* WHAT IS BEING ASKED *
For the listing below, the answer is an exact retyping of the lines from the one with "Paperback Kindle Hardcover" through the one with "包姓起什么名字好听男孩子 包姓起什么名字好听男孩子", both included, without pictures.

**** DATA TO USE ****

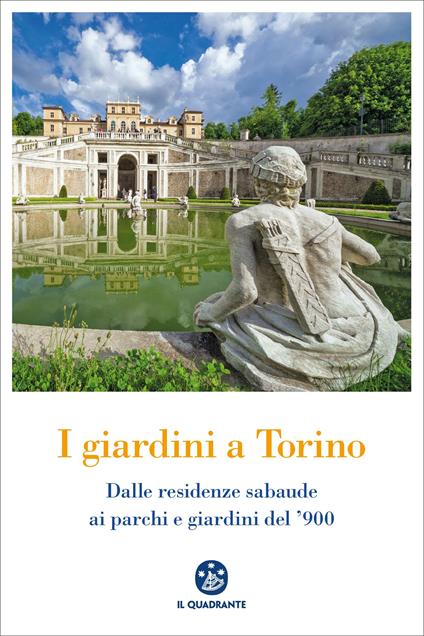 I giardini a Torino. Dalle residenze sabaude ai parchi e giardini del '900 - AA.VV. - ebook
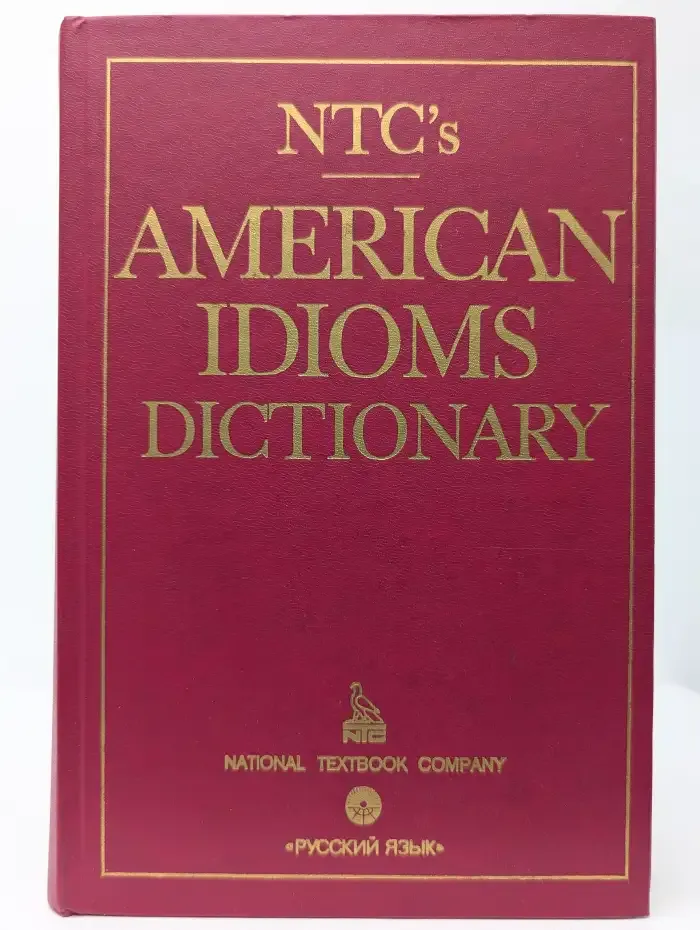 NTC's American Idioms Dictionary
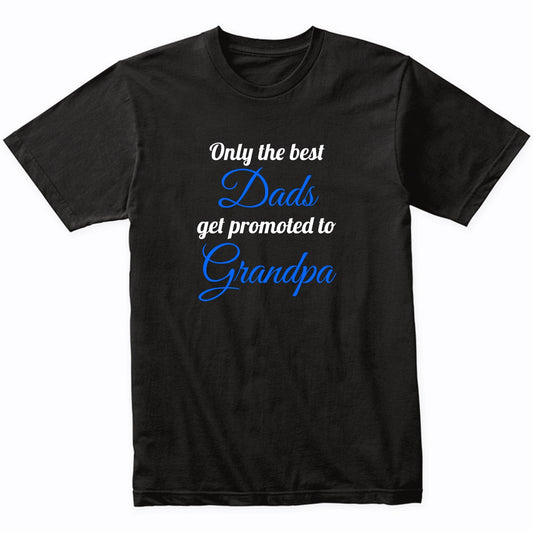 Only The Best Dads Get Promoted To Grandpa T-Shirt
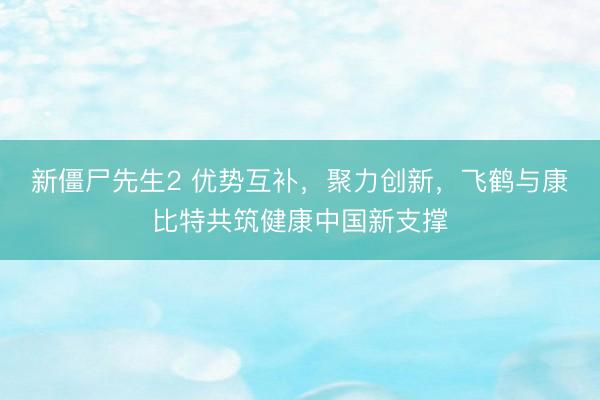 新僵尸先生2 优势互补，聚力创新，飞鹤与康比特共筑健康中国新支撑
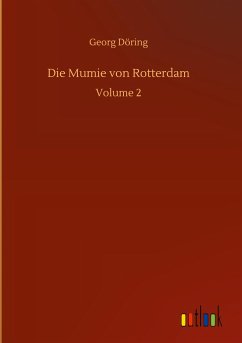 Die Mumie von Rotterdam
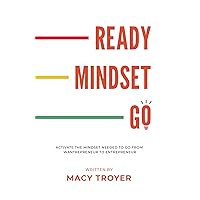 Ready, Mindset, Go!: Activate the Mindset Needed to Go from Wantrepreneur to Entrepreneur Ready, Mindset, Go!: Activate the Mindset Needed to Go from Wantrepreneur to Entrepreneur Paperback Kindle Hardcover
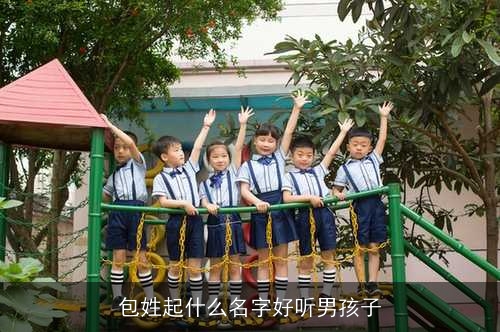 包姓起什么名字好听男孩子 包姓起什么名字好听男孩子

****
**** DATA TO USE ****

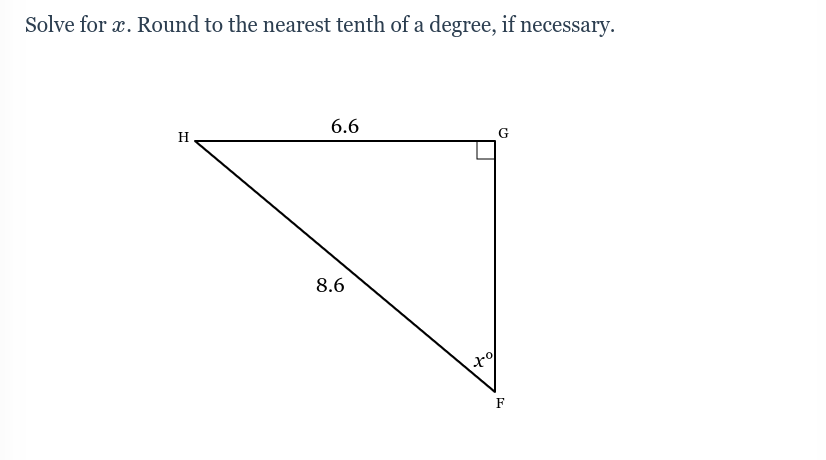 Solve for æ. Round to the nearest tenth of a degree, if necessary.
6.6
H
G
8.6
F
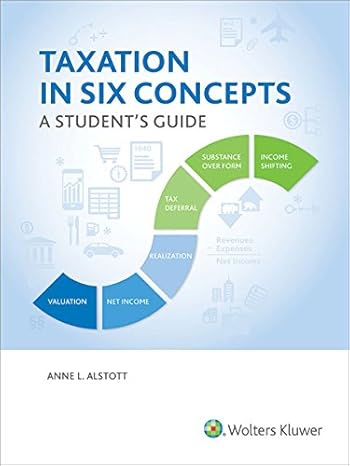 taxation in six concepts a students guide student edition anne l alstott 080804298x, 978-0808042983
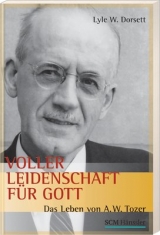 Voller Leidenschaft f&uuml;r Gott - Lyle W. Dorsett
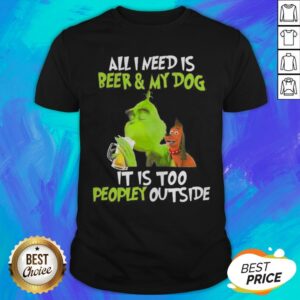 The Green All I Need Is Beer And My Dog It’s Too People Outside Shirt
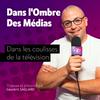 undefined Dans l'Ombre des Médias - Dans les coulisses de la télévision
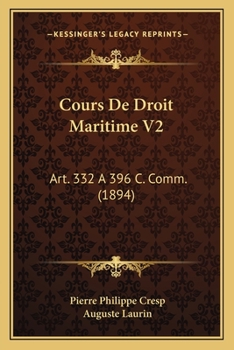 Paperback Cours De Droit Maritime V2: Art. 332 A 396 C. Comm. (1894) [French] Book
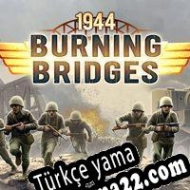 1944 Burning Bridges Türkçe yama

****

* SOLUTION TO THIS PROBLEM *
 Ready, Mindset, Go!: Activate the Mindset Needed to Go from Wantrepreneur to Entrepreneur Ready, Mindset, Go!: Activate the Mindset Needed to Go from Wantrepreneur to Entrepreneur Paperback Kindle Hardcover
 包姓起什么名字好听男孩子 包姓起什么名字好听男孩子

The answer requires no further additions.